* Problem to work on:
Copy, word for word, the lines of the listing below from the line with "92. Jeweled Gold" up to and including the line with "American Imaginations White". Drop the pictures.

* Records supplied:

#####

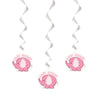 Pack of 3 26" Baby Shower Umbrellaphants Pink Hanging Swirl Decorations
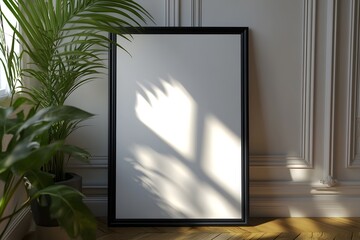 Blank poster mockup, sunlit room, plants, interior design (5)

#####

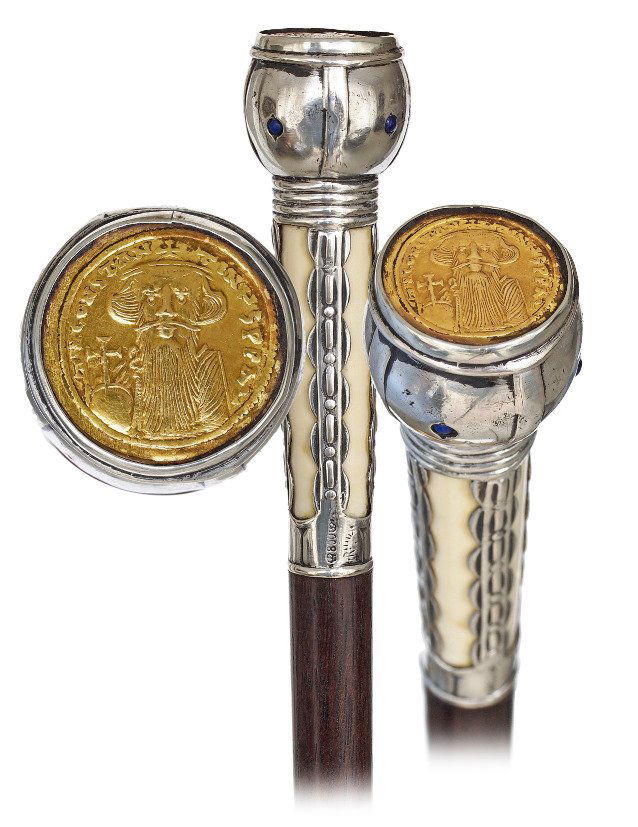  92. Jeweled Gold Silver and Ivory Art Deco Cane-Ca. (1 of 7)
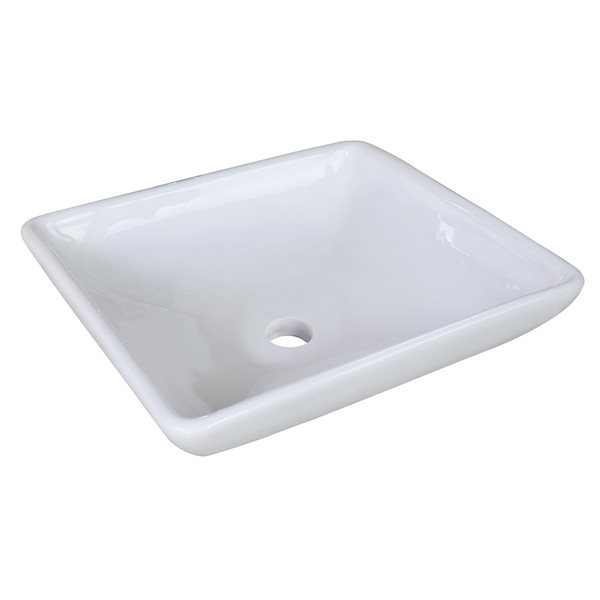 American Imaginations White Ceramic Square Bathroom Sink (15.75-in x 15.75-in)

#####

* Task result:
  92. Jeweled Gold Silver and Ivory Art Deco Cane-Ca. (1 of 7)
 American Imaginations White Ceramic Square Bathroom Sink (15.75-in x 15.75-in)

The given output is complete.